Another interesting new module made by Erica Synths is the Resonant Equalizer. It features a fully analog signal path, consisting of twelve band-pass filters. Thanks to a digital control system, you can influence the filter’s levels and resonance parameters not only manually, but via control voltages as well. Girts showed us this feature with a simple sine sweep. – The results were quite interesting. The analog filter boards of the Resonant Equalizer will be replaceable to make different band-pass configurations available. Fun fact: Girts told us that it took him only three weeks to realize the idea of the Resonant Equalizer. – From paper to prototype. Very impressive! The release of the Resonant Equalizer is scheduled for May 2018. Around SUPERBOOTH18 time.
Erica Synths also presented a new, fully redesigned version of the Black Hole DSP at the NAMM show 2018. It contains 24 effects with three editable parameters each, has an analog wet / dry control and a bit crusher available anytime. A preset setting can be saved for each effect. The Black Hole DSP2 will be available in April 2018.
Girts also introduced us to a more advanced version of his Drum Sequencer. It provides an intuitive user interface focused on live performances. In addition to 16 trigger channels, twelve of which also have accent outputs, there is a CV / gate pair for adding a bass synthesizer to tracks. Two Sync-LFOs allow you to modulate drum parameters. Time signature, pattern length and shuffle can be set individually for each track. Trigger and probability options are available on a per step basis. Other features include instant pattern switching, solo and mute functions, step and tap record modes as well as synchronization via MIDI. 16 banks with 16 patterns each are available. Sequences can be linked to create songs.

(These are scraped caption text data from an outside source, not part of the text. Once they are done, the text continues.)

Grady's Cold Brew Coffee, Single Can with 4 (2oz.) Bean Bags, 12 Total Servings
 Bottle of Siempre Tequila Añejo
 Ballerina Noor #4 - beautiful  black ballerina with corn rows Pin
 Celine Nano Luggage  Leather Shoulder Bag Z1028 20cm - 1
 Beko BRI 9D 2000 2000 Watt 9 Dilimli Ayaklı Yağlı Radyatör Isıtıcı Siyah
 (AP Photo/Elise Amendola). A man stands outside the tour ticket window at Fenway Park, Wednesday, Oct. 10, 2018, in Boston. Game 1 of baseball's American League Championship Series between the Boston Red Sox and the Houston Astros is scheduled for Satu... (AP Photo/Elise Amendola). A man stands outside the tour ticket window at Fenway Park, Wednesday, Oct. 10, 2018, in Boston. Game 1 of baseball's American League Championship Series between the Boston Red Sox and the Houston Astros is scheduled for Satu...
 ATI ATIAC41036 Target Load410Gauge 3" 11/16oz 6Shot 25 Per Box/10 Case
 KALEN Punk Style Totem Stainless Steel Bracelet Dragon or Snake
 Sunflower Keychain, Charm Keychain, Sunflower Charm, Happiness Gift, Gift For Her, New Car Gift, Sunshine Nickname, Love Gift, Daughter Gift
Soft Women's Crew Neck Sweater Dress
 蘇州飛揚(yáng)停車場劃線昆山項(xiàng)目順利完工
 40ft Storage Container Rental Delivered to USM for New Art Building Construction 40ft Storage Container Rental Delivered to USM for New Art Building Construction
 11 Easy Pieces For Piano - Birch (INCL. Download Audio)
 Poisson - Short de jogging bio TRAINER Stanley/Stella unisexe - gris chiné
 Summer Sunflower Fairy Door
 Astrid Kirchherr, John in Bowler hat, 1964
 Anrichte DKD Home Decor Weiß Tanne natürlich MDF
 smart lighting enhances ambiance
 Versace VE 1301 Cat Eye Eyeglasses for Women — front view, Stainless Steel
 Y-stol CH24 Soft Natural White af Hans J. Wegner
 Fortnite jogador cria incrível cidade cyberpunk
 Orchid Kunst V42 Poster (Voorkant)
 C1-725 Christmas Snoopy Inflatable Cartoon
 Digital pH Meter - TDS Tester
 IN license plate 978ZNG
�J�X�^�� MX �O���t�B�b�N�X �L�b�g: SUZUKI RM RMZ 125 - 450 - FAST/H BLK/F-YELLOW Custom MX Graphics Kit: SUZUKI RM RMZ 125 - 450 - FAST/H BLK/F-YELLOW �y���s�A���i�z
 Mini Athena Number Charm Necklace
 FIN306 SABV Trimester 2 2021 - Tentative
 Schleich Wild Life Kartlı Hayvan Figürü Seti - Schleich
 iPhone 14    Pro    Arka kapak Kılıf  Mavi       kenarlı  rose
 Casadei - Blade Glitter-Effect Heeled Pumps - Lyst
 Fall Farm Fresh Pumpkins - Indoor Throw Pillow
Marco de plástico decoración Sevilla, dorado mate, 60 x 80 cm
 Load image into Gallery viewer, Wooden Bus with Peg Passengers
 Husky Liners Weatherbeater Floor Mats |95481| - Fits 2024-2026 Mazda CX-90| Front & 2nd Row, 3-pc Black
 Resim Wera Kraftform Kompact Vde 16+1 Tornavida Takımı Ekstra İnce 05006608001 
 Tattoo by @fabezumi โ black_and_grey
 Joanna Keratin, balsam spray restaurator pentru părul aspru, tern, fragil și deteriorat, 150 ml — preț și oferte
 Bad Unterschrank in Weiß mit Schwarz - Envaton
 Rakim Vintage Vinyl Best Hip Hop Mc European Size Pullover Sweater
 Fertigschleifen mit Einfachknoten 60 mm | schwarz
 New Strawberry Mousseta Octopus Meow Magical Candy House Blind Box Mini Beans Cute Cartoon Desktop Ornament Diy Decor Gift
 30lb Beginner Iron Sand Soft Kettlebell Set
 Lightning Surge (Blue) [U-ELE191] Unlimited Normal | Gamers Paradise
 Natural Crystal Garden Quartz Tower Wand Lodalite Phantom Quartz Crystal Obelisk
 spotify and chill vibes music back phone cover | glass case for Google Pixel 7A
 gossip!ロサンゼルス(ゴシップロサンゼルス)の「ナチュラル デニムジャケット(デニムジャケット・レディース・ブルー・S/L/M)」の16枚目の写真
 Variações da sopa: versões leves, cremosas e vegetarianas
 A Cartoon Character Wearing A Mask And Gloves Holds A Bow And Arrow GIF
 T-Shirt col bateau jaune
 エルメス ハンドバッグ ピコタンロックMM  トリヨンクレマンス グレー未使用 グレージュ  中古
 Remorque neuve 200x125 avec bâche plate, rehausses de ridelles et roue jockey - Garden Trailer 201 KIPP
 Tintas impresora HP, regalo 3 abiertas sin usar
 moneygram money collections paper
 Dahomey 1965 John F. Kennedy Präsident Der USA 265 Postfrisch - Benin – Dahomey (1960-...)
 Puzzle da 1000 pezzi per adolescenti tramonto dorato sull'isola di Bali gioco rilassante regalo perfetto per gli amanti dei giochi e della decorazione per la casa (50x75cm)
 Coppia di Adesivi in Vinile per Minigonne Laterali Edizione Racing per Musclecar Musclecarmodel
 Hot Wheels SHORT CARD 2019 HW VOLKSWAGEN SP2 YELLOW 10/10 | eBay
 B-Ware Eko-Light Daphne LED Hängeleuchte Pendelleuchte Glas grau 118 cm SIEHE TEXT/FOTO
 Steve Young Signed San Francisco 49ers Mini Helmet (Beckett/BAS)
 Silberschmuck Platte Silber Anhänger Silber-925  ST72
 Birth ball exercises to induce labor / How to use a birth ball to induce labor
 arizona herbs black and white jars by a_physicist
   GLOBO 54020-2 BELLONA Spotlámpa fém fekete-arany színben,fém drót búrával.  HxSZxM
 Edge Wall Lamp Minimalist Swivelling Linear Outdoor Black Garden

Complementary, Girts showed 909-inspired kick and snare modules at the NAMM show. Other circuits, including Tom, Clap, Rim Shot, Hi-Hat, Cymbal and sample-based voices plus a drum mixer, are currently in development. Girts hopes to have a complete drum rack ready in time for SUPERBOOTH18. Drum Sequencer, bass drum and snare are already in production and will become available in March 2018.